A haredi Orthodox rabbi explains why his community opposes the Western Wall deal

 

Rabbi Nachum Eistenstein

JERUSALEM (JTA)-Haredi Orthodox Jews agree with their non-Orthodox brethren on one thing: The future of the Jewish people is at stake in the debate raging over who controls the Western Wall and conversion in Israel.

Other than that, though, there is little common ground.

According to Nachum Eisenstein, the chief rabbi of eastern Jerusalem's haredi Maalot Dafna neighborhood, Reform and Conservative Judaism threaten to undermine the survival of the Jewish people.

"The reason why Judaism is the only religion that survived throughout thousands of years and all the massacres and all the attempts to destroy it is that the ours is the only religion that has always been the same, the way it was given to us on Mount Sinai," Einstein said in an interview. "Who gave you, the Conservative and the Reform, the authority to make up a new religion?"

The government's suspension last week of a deal that would have expanded a non-Orthodox prayer area has sparked a crisis in Israel-Diaspora relations that some are calling unprecedented. Major U.S. Jewish groups, led by the Reform and Conservative movements, rushed to Israel to complain that the government of Prime Minister Benjamin Netanyahu had caved in to haredi Orthodox interests and insulted the Jewish majority that does not subscribe to Orthodoxy.

They also railed against a government-backed bill passed the same day, and since shelved, to grant Israel's haredi-dominated Chief Rabbinate a monopoly over all conversions performed in the country.
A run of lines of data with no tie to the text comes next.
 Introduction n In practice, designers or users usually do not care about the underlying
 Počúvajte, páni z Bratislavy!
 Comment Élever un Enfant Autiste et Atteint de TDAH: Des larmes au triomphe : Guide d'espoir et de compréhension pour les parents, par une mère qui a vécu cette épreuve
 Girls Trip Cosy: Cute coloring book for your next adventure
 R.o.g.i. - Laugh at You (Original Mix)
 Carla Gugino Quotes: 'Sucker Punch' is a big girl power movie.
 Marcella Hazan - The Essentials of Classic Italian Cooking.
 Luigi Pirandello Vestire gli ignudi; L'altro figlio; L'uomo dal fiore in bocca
But like much of his haredi community, Einstein welcomed the Western Wall decision as a victory over non-Orthodox Jewish meddling. And he said the subsequent tabling of the conversion bill was a setback in the same battle.

Interior Minister Aryeh Deri, speaking last week to lawmakers from his Sephardic Orthodox Shas party, explained his camp's resistance to non-Orthodox Judaism as a question of preservation.
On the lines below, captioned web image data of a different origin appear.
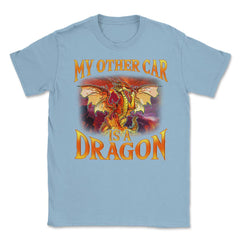 My Other Car is a Dragon Hilarious Art For Fantasy Fans print Unisex - Light Blue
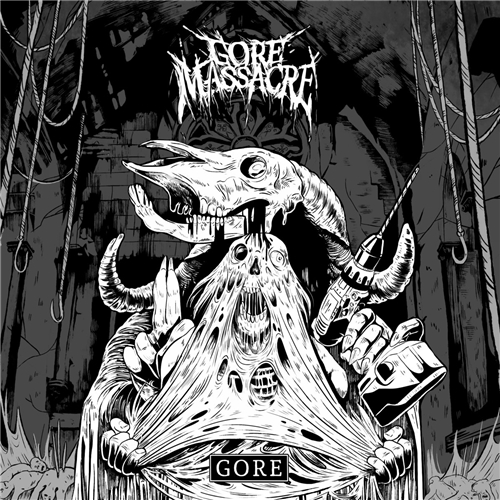Gore Massacre - Gore (2019)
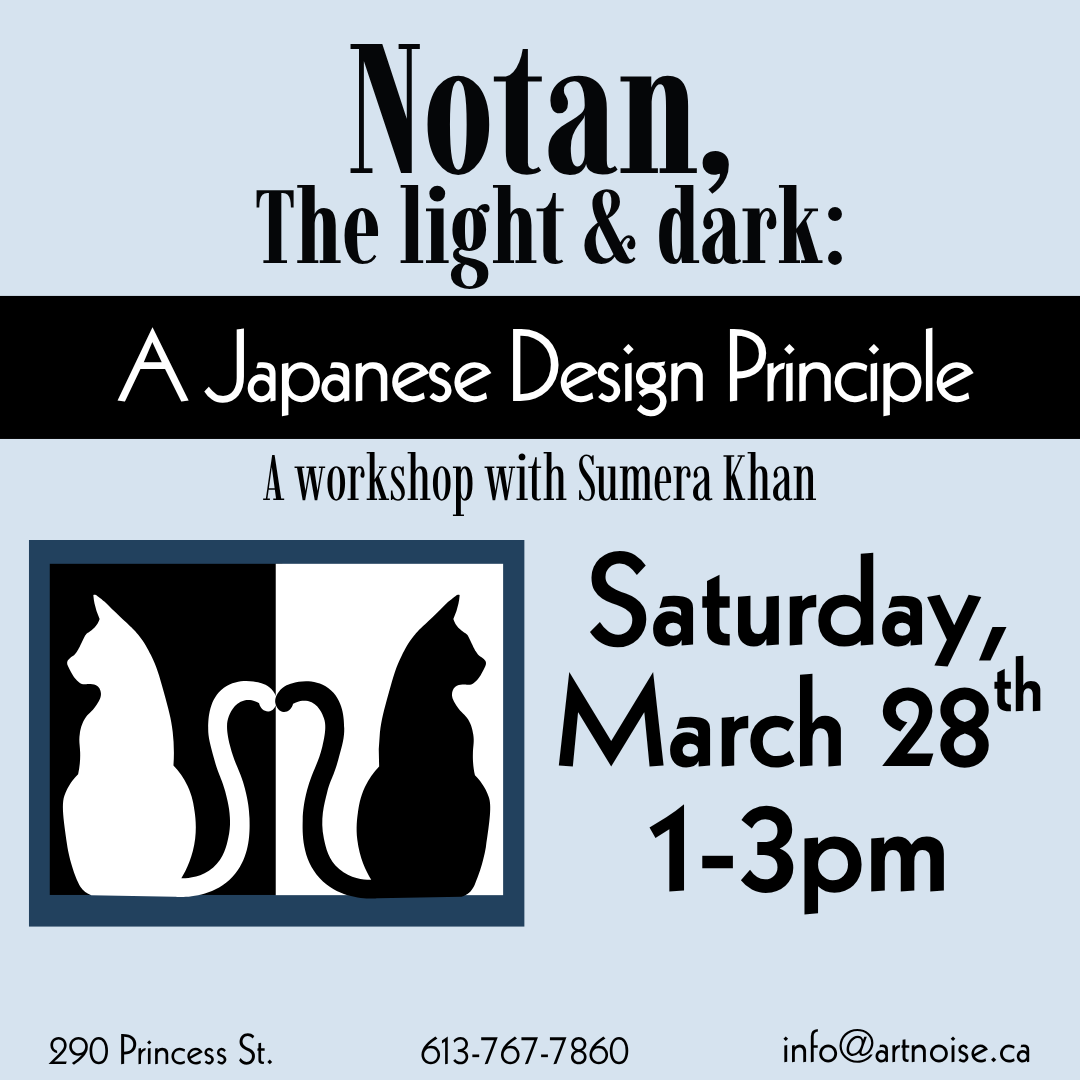 Notan, the Light & Dark: a Japanese Design Principle Workshop with Sumera Khan Art Noise product_type art-noise.myshopify.com notan-the-light-dark-a-japanese-design-principle-workshop-with-sumera-khan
"We have nothing against Jews in any place they may be. They are all our brothers," he said. "Our fight is against the approach, this ideology which is attempting to bring a new Judaism here, is trying to destroy everything that we built here over the years."

Haredi leaders often warn against the pernicious influence of non-Orthodox Judaism in Israel and disparage "Reformim," as they call its adherents in Hebrew. Although as few as 5 percent of Israelis subscribe to Reform or Conservative Judaism, according to Pew, about half of Jewish Americans identify with one or the other.

Under pressure from the haredi political parties in the governing coalition, Israel last Sunday essentially withdrew its support for the Western Wall deal. Non-Orthodox Jewish leaders reacted with outrage.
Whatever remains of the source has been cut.